To build wealth, 'change your thinking,' says a behavioral economist


Your ability to think long term is highly correlated with your spending and saving behavior. That's the conclusion Sarah Newcomb, behavioral economist at Morningstar and author of the book "Loaded: Money, Psychology, and How to Get Ahead Without Leaving Your Values Behind," has come to based on years of researching what factors affect savings rates.

"You're not going to change your behavior until you change your thinking," Newcomb says. "The biggest financial mistakes aren't fixed with nudges, they require a change of personality."

While it may come naturally for some people to envision, and build wealth for, their life 30 years down the road, other people can only think three months ahead. However, the more that you can adopt a long-term mindset, the better prepared you'll be for the future, Newcomb says.

Here's how to get started.

1. Today: Get a handle on your cash flow

Before you can start saving for the future, you'll need to understand your current cash flow, or when money is coming in and going out of your accounts.
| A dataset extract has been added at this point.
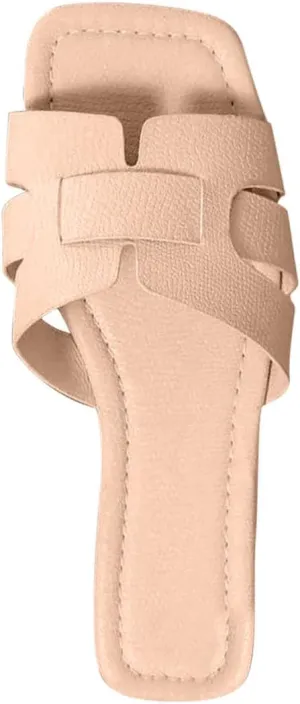 Sandals for Women 2025 Hollow Out Dressy Summer Slides Shoes Fashion Dressy Beach Vacation Shower Sandal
And that's especially important because nearly half of Americans live paycheck to paycheck, according to a recent survey conducted by GOBankingRates.

"You have to accept where you're at; if you're not a saver, becoming an investor isn't where your head should be at," Newcomb says. "The more stability you build now, the more into the future you can look."

Creating a budget to track your monthly spending can help you build the habits necessary to create a longer-term plan. You can also try reverse budgeting by setting aside money for the essentials first.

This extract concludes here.